喊了5個小時左右,晚上來了黑壓壓的武警,排著隊,慢慢地靠近了我們。他們一手拿著棍子,一手拿著像盾牌一樣的東西,敲著,發出很恐怖的聲音。寺院管事的人都出來了,讓我們回去,說中國方面會考慮。色拉寺前面,那時也都埋伏了武警,後來,每兩個武警夾著一個僧人拉到了寺院。
而後,封了色拉寺的大門,用鋼絲封的。從那時起,武警包圍了整個色拉寺,排著隊。包圍了50天左右。我們吃的最後都沒了,有些常在外面吃飯的人,家裡一點糧食都沒儲存。我們那時,有糌粑的拿糌粑,有油的拿油,大家把食物放在一起吃,最後,食物都吃沒了,大家在一起對付喝稀飯。
忽然,有一個夜裡,是色拉寺被包圍了50天左右的一個夜裡,2點鐘左右吧,我在屋裡,聽到外面像是有下雨的聲音,覺得奇怪,就出去看,可是,什麼都沒有。我就去了廁所,因為在廁所裡,能看到牆外。這時,我看到很多很多的武警,原來,不是雨點的聲音,是武警跑步的聲音。他們兩行兩行地排著隊,在跑步。我就悄悄回到房間裡躺下了。過了好久,外面出現敲門的聲音,不是敲我的房門,是敲外面的大門。我們住的地方,有一個大門,裡面有三十個僧人左右,但是,誰都不敢去開門,後來,他們把大門敲碎了。
進來後,他們喊叫,讓我們快點起來,到一個地方學習。那天夜裡,闖入我房間的武警是個藏人,沒動什麼。後來,有的僧人說,有的武警進去後,打了他們。我就馬 上起來穿了衣服,出去了。院子裡,那時已有幾個僧人蹲著,把雙手放在頭上,他們也命令我那樣做。等大家都到齊了,點了名後,把我們一個個排上隊,押到寺院大門前,那裡有很多大車,一個車裡押了二十個僧人。武警手裡都拿著棍子,把我們押到祭公堂,宇拓桑巴(拉薩大橋)那邊,然後,把我們身上的鑰匙都搜走了, 只有帶子。一個房裡面關著七個僧人,然後,讓我們背對著牆,看3•14的照片,一個個對照。
可是,從3月11號,我們就被包圍了,寺院外面都是解放軍,我們一個人都出不去。所以,3•14那天,沒有一個三大寺的僧人。
在小房間裡,我們披押了14天左右,每天都被審問:3•14你做了什麼?喊了什麼?手印呀,寫呀,記號,還拍了照片。
之後,從那個小房間,把我們押到火車站,前後車箱都是武警。還有軍人的車,上面蓋著布,整個車裡,都是出家人。他們把我們送到有很多沙子的地方,說是格爾木,在一個大院子裡,我們被關押了四個月左右。一個房間裡有35個人,有一個大桶,大家大小便都在裡面。

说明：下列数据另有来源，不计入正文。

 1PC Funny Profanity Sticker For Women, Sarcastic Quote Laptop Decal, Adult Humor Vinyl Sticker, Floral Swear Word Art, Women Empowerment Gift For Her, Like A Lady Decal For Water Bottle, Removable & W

太髒了,因此,有一個僧人得了病,後來去世了。他是色拉寺吉札倉的僧人。這以後,就允許我們出去放風了,但是,每天只有晚上6點到7點才出去一次。
後來,我的一個朋友說,他第一次覺得廁所比房間還好。他說,這樣活著不如死了。我的另一個朋友,也是一個出家人,這時,差一點就自殺了。他有心髒病,房間裡待得太久,受不了。放風時,他看到廁所裡有燒過的那种红磚,就是蓋房子的那種,碎的有幾個,那天,他在廁所裡就用那樣的磚,想自殺。

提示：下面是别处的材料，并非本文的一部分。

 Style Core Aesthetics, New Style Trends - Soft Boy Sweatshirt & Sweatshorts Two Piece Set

在寺院時,我們的關係很好,有人立刻告訴了我,說:“你的朋友病了。”我去看他,那時,他的頭都破了,盡是血。他們送他到醫院時,我也跟去了。在醫院裡,醫生把他的腰帶解開後,就走了。那時,我就坐在他對面的床上,他突然起來,問我,你在幹什麼?把我一把推開,從窗子跳了出去,我就抓他,他的動作太快了,我一下子沒抓住,只抓到的他的裙子,他還是跳了出去,可是,裙子伴住了他的腳,我大喊一聲:“來人啊,”幸好只有一樓,有一個人的身體那麼高。但是,他的骨頭摔斷了,再沒能站起來。他現在還在安多老家的寺院裡。那時,他也不讓輸液,後來,大家慢慢地開導他,過了二十天左右吧,又把他的經師找過來開導他。有三 個月,我們輪流看著。
後來,我們都被押送回了老家。不讓回色拉寺。說是外面過來的僧人不能住在色拉寺,只有本地(拉薩)的僧人才可以。外面的僧人有三四百,3•14後,都被趕了出來。
押送我們回老家時,前面是軍人的車子,後面也是軍人的車子,中間是我們的車子。從安多到我的老家,有12個小時左右,不讓我們出去,吃喝拉撒,都在車子裡。
到了老家,沒有馬上釋放我們,又關了一個多月左右,因為奧運會還沒有演完吧。演完了以後,又把我們關在一個院子裡,我們有十五個僧人,都是甘南的,從那以後,我再也沒回色拉寺。
放我時,他們把我的家里人叫來了,簽字,擔保不許離開家鄉,才放了我。爺爺聽說我被關了起來,病了。開始,我被抓的事,都瞞著爺爺,是奶奶不小心說露了,爺爺就病了,第二年,2009年1月,爺爺就去世了。
為了來這裡(印度),我準備了一年半左右。辦身份證時,我留了長發,穿了西裝,去拉薩時,也沒有穿僧服,因為穿僧服不讓進拉薩。我是以父親後來找的妻子的兒子的身份,待在拉薩的,名字也改了。
穿僧服不僅不能進拉薩,如果飯店留住的話,那個主人要被罰款400元(每晚每個僧人)。那時,我的一個朋友穿著僧服來拉薩,沒等進城就被抓了起來。要他買回去的車票,寫了擔保書,才放了人。
我到印度的想法,2008年就有了。就想到一個自由學習的地方,不管在那邊的色拉寺還是在我家鄉的寺院,都沒有學習的環境,到這裡來,就是為了學習。我媽媽也說,“要么就不要去,去了短時間就不要回來,要好好學習。”
2008年以後,每天我們都擔驚受怕地活著,晚上過了10點,年輕男人都不能出去,否則會被抓走,一旦一個家庭的孩子失踪了,大家都顯得平常了,都知道,肯定是被抓走了。
這些都是我一個人的經歷,究竟發生了什麼,在別人身上,那就無法知道了。反正那以後,大家都很怕。
對了,有一位僧人,我們都叫他格西啦,他喜歡唯色的書。關押在格爾木那個大房間時,他給我們講課,講唯色的書,他說,唯色寫的才是我們自己的心裡話。都是真的,是我們想說而沒有說出來的心裡話。